● WHAT YOU WILL DO
Transcribe exactly the lines below that begin at the line with "Ruang Makan —" and stop after the line with "Imagem de Poltrona", leaving out every picture.

● PROVIDED RECORDS
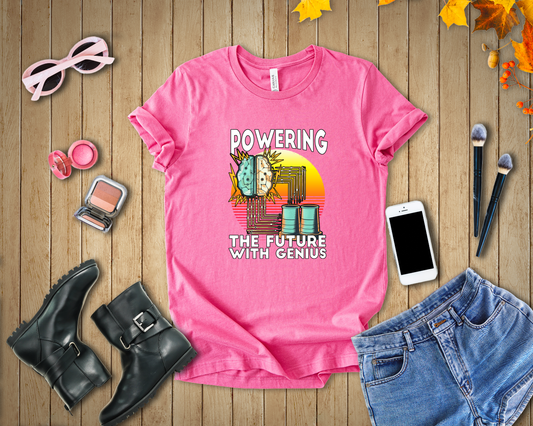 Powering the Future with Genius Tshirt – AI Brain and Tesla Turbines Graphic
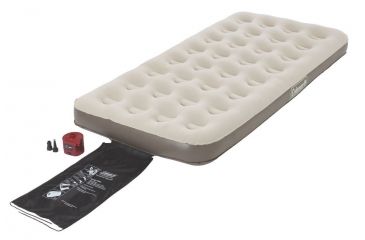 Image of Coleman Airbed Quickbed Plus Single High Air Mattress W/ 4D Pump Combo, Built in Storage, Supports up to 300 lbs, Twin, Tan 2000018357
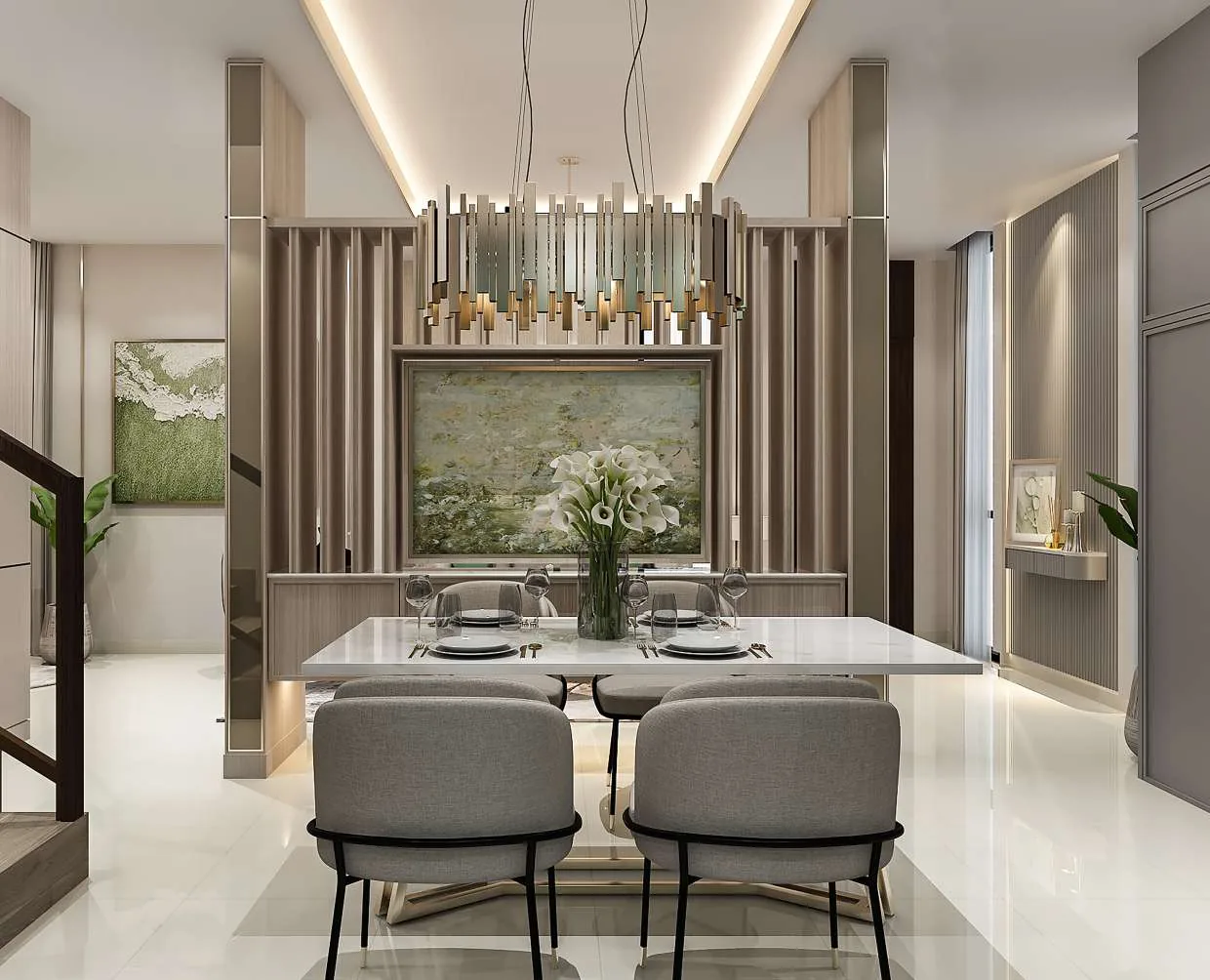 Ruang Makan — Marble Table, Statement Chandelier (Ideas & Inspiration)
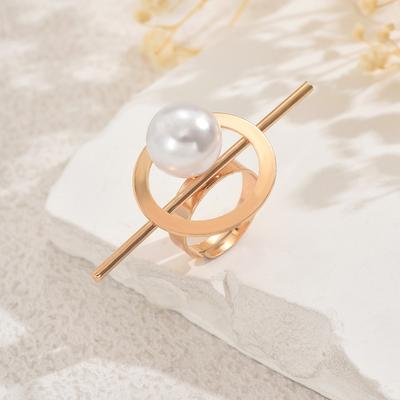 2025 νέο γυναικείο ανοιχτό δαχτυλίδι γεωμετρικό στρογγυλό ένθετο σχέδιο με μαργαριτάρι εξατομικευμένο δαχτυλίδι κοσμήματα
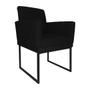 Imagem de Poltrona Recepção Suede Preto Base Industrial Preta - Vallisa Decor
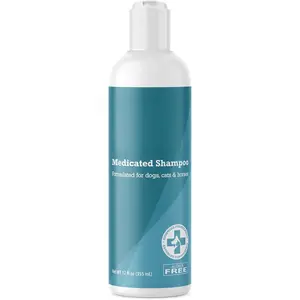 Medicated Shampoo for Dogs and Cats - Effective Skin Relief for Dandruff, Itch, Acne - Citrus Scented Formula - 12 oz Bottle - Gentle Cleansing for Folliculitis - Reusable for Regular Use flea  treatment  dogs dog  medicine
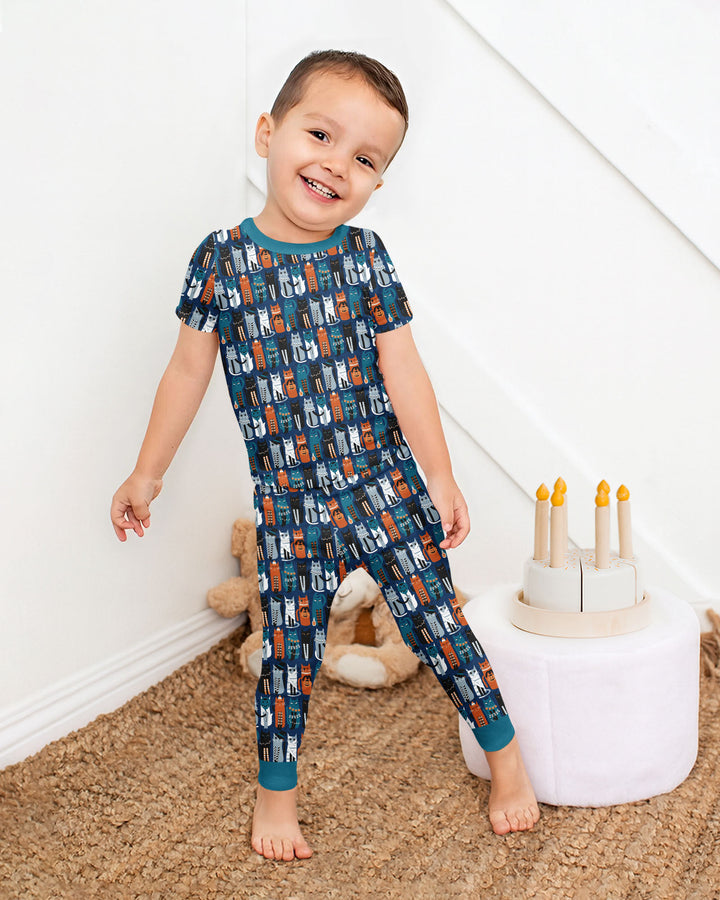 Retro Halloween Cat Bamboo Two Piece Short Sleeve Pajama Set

● EXERCISE OUTPUT
 Ruang Makan — Marble Table, Statement Chandelier (Ideas & Inspiration)
 2025 νέο γυναικείο ανοιχτό δαχτυλίδι γεωμετρικό στρογγυλό ένθετο σχέδιο με μαργαριτάρι εξατομικευμένο δαχτυλίδι κοσμήματα
 Imagem de Poltrona Recepção Suede Preto Base Industrial Preta - Vallisa Decor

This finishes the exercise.